DATA BELOW =>
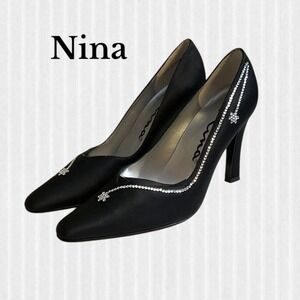 NINA Shoes Women's Size 7 Black High Heel Rayna LS Formal Lustre Satin Jeweled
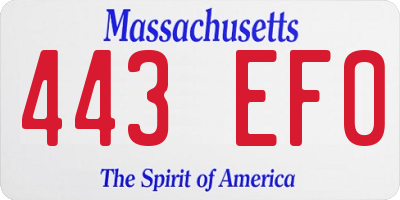 MA license plate 443EF0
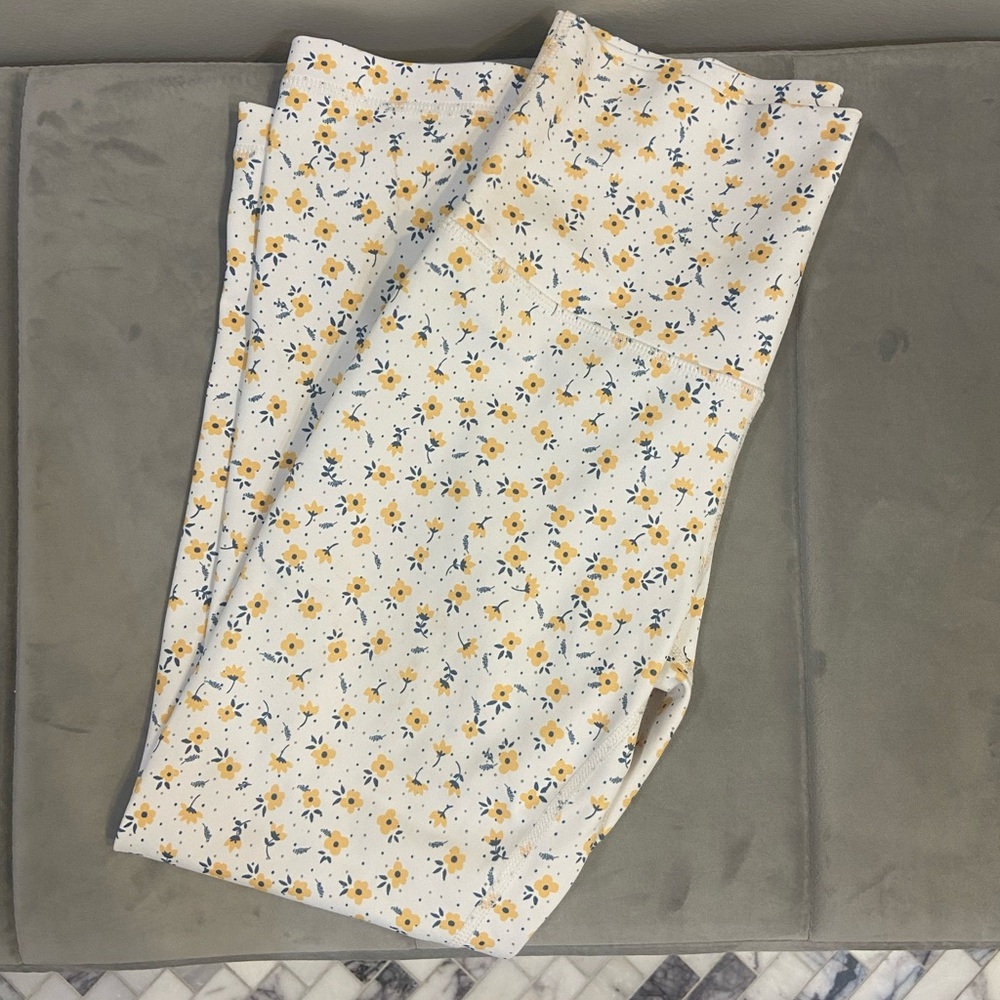 White and Yellow Floral Leggings Lightweight Cotton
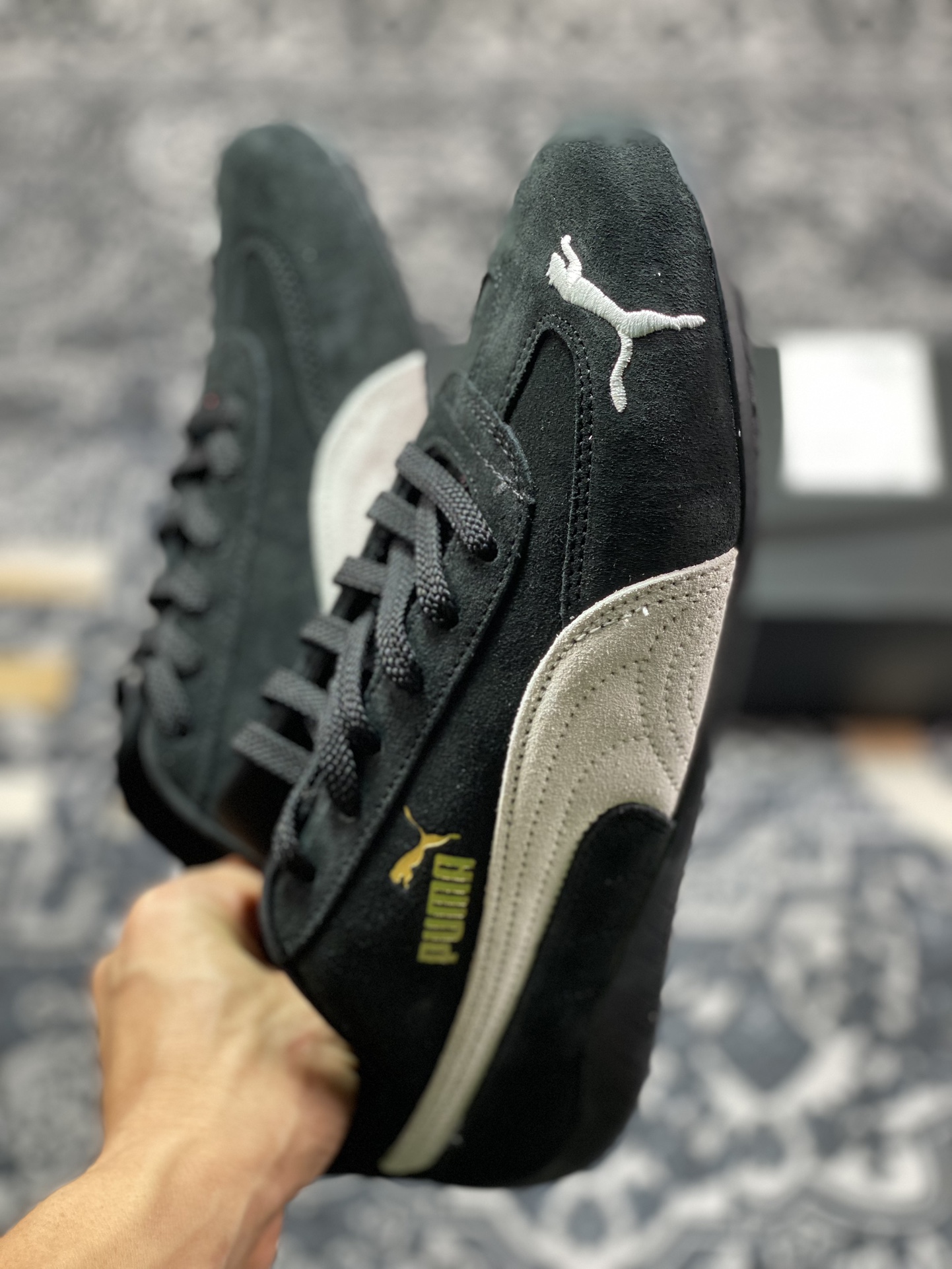 彪马Puma Speedcat OG”Black/White”极速赛车系列低帮德训赛车鞋“翻毛黑米白金LOGO”398846-01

YOUR INSTRUCTIONS =>
Transcribe all the lines above exactly, apart from the pictures.

ANSWER BELOW =>
 NINA Shoes Women's Size 7 Black High Heel Rayna LS Formal Lustre Satin Jeweled
 MA license plate 443EF0
 White and Yellow Floral Leggings Lightweight Cotton
 彪马Puma Speedcat OG”Black/White”极速赛车系列低帮德训赛车鞋“翻毛黑米白金LOGO”398846-01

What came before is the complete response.